(Caption-style text data)
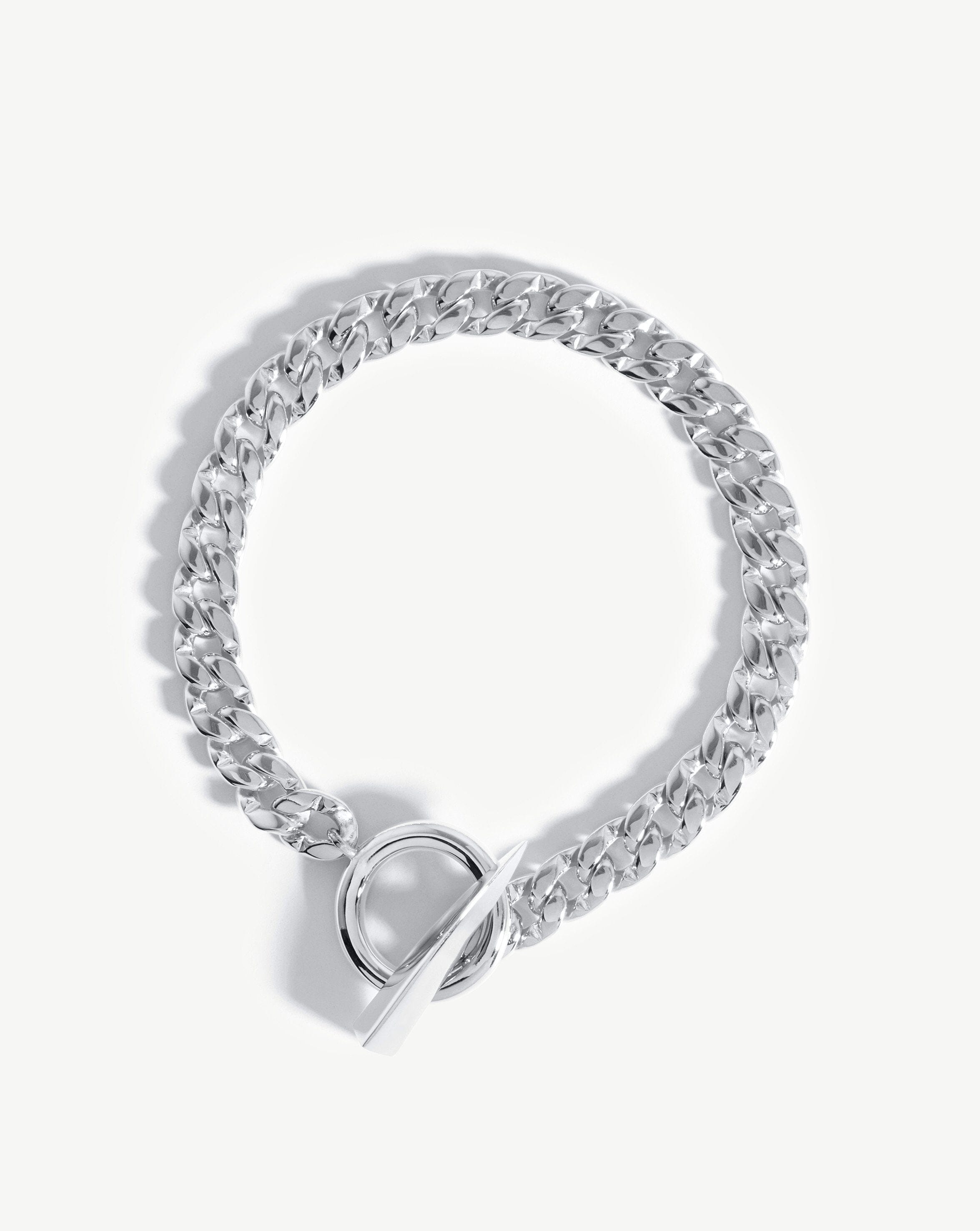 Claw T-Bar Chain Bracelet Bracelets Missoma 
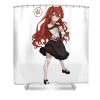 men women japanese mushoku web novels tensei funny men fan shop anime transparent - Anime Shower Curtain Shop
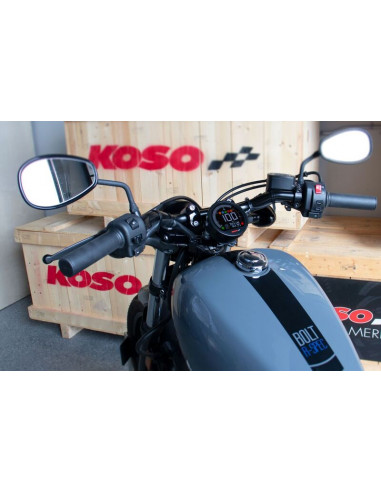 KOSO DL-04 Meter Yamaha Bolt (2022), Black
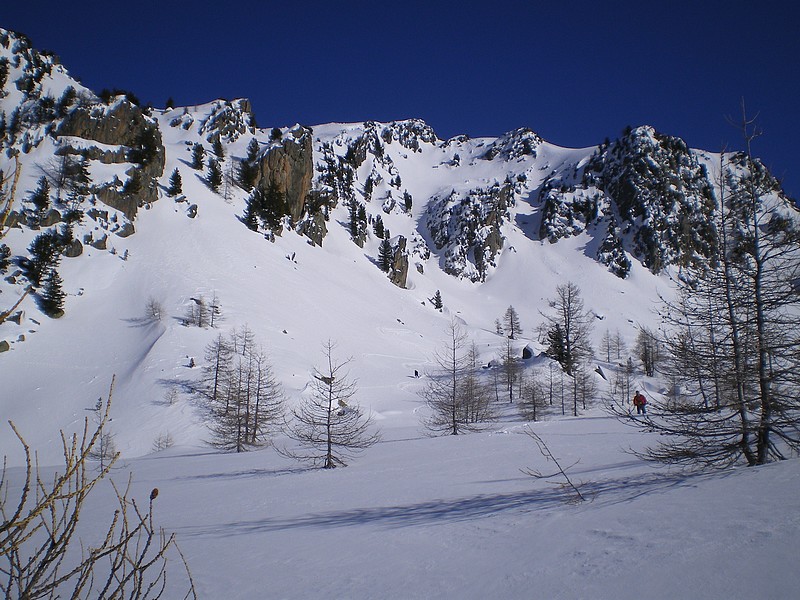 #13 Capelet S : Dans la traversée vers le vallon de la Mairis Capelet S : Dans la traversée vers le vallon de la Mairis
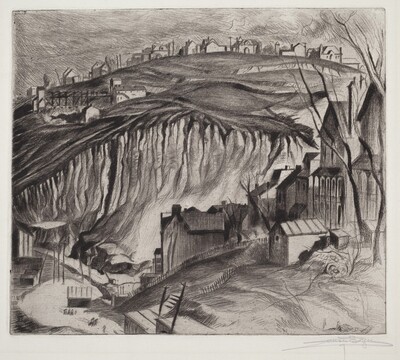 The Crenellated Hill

▶ _TRY IT_: Repeat the data in full and exactly. Omit pictures.

▶ _TASK ANSWER_:
 Claw T-Bar Chain Bracelet Bracelets Missoma 
 men women japanese mushoku web novels tensei funny men fan shop anime transparent - Anime Shower Curtain Shop
 KOSO DL-04 Meter Yamaha Bolt (2022), Black
 #13 Capelet S : Dans la traversée vers le vallon de la Mairis Capelet S : Dans la traversée vers le vallon de la Mairis
 The Crenellated Hill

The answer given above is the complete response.